Exercise directions: Begin at the line containing "4 Sinclair Avenue, St." in the records below, end at the line containing "Used 2015 Ford", and retype each line in that span exactly. No other line and no image should appear.

***** Data shown

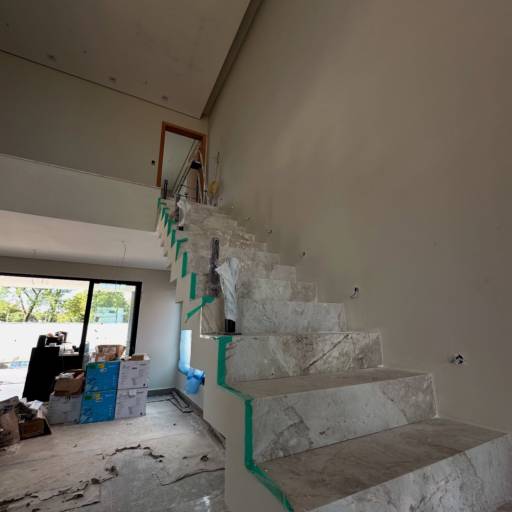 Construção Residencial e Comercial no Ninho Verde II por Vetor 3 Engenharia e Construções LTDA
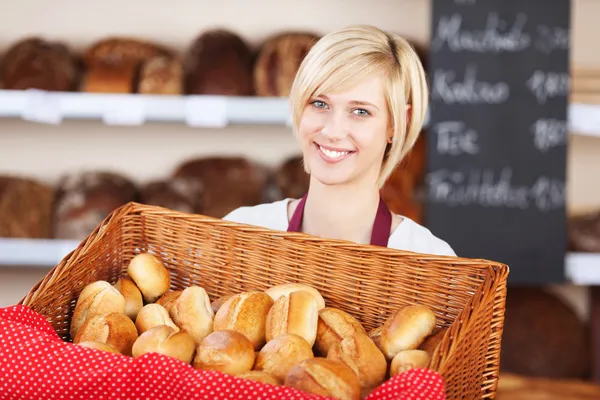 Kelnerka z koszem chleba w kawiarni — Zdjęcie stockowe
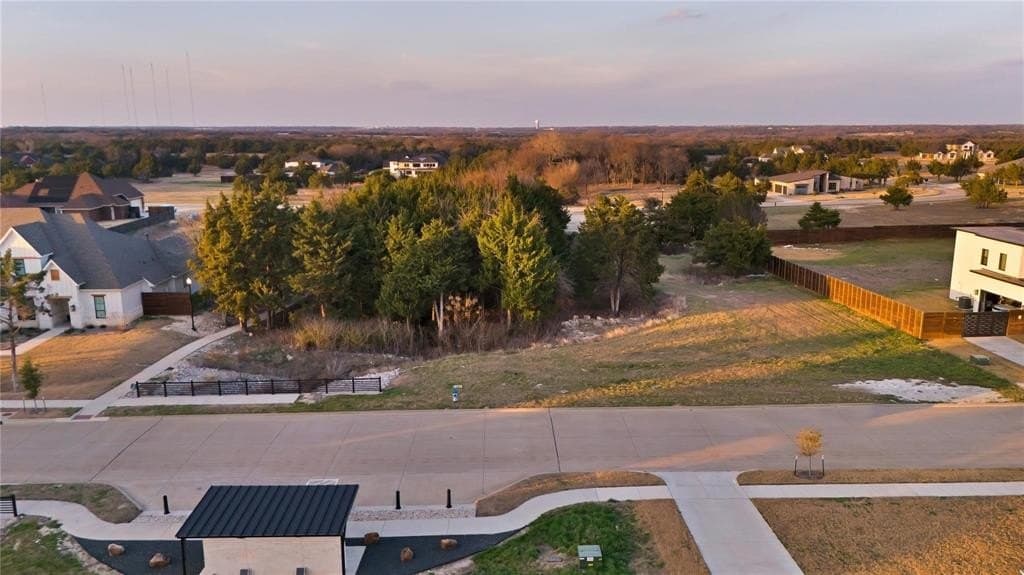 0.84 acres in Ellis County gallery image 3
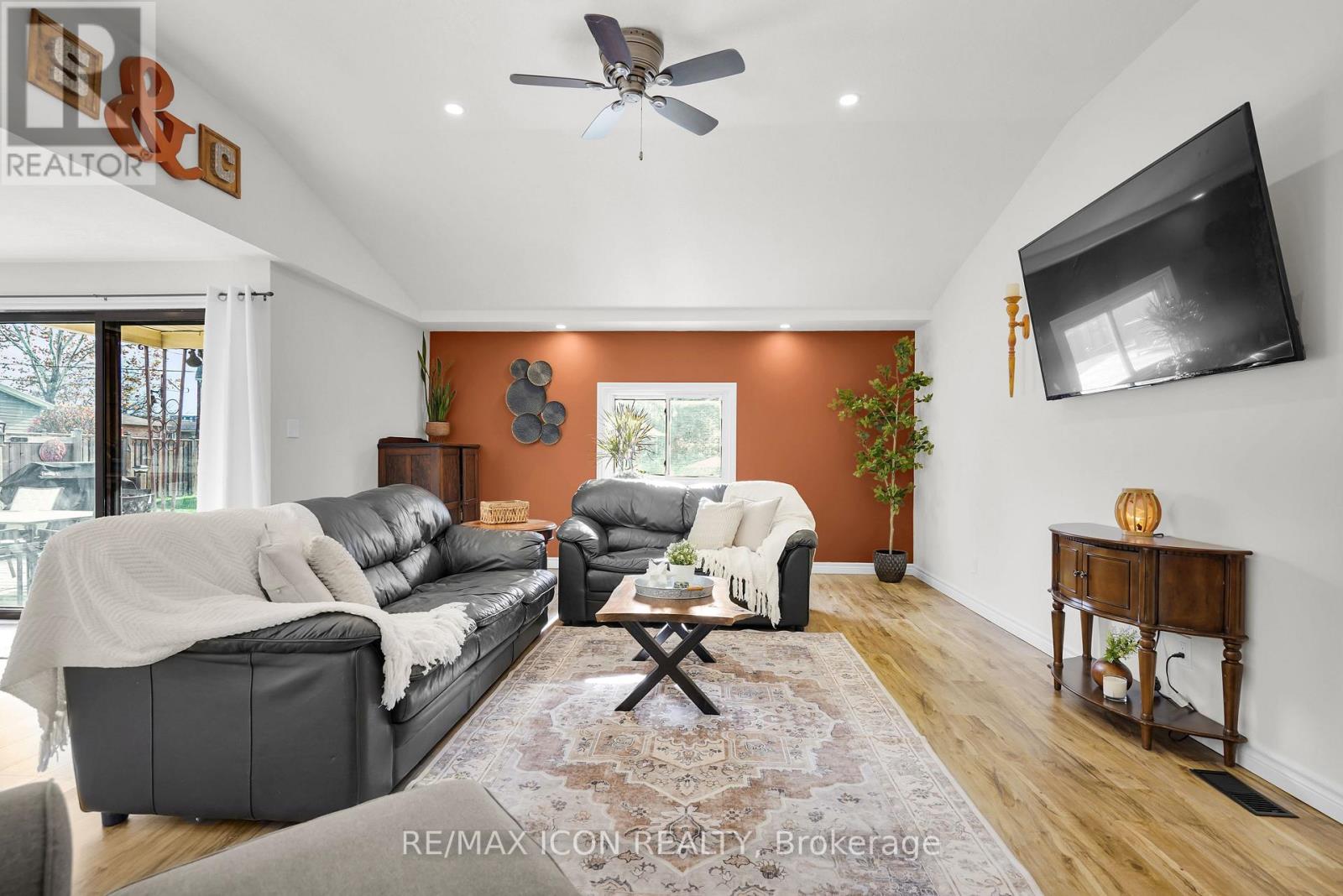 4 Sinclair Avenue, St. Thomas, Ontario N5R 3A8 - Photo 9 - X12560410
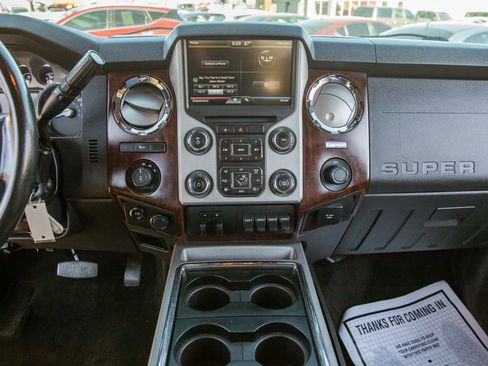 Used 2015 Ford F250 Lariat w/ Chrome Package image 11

**********
***** Data shown

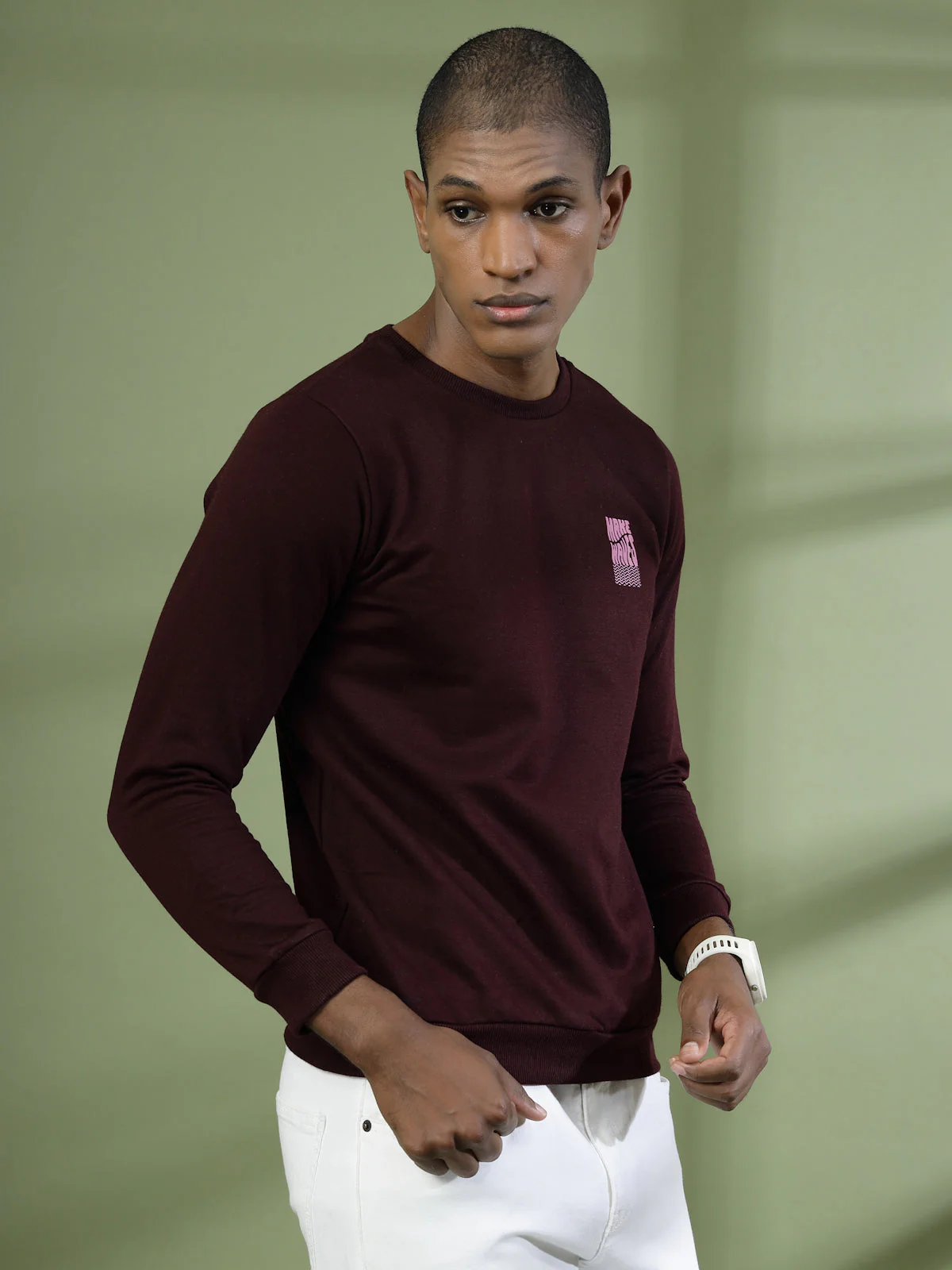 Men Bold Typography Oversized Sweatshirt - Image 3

**********
***** Data shown

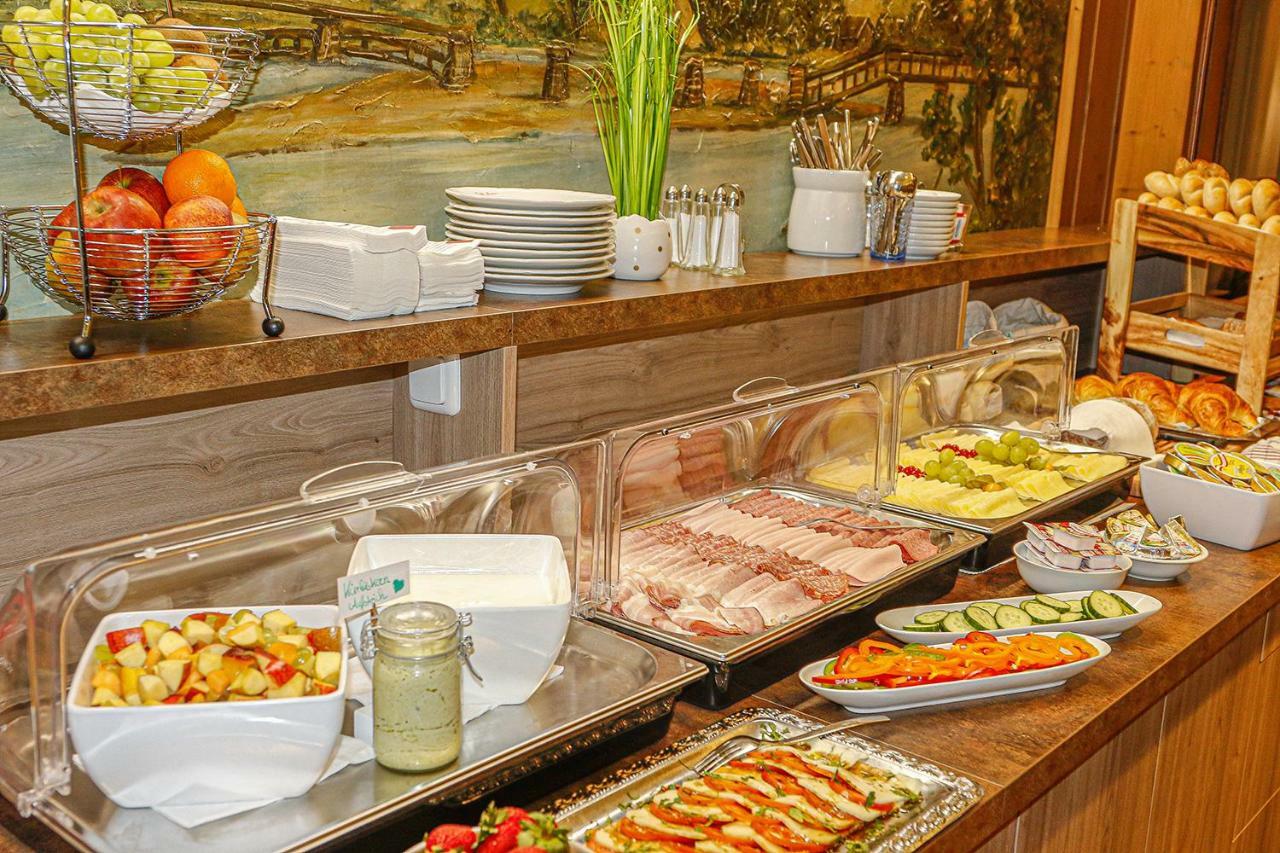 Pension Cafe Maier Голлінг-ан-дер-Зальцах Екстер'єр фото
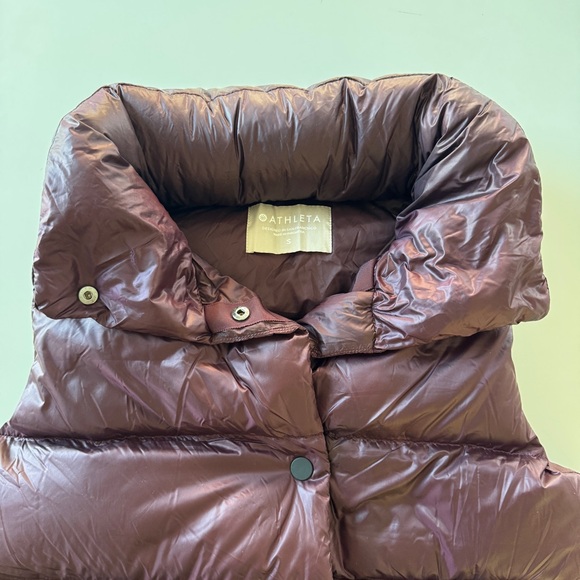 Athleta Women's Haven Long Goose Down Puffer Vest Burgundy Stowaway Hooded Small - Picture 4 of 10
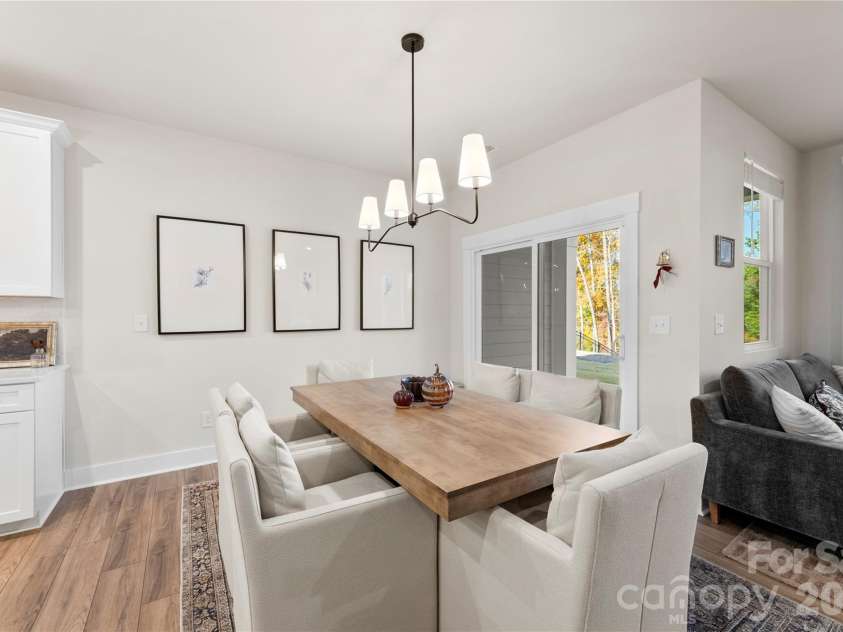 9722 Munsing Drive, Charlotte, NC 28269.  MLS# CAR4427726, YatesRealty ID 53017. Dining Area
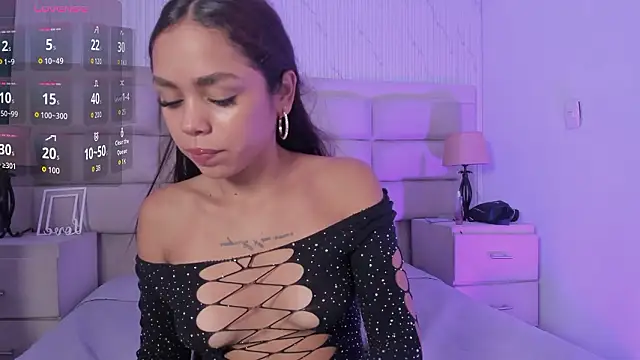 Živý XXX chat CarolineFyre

**********

Answer to the problem:
 4 Sinclair Avenue, St. Thomas, Ontario N5R 3A8 - Photo 9 - X12560410
 Used 2015 Ford F250 Lariat w/ Chrome Package image 11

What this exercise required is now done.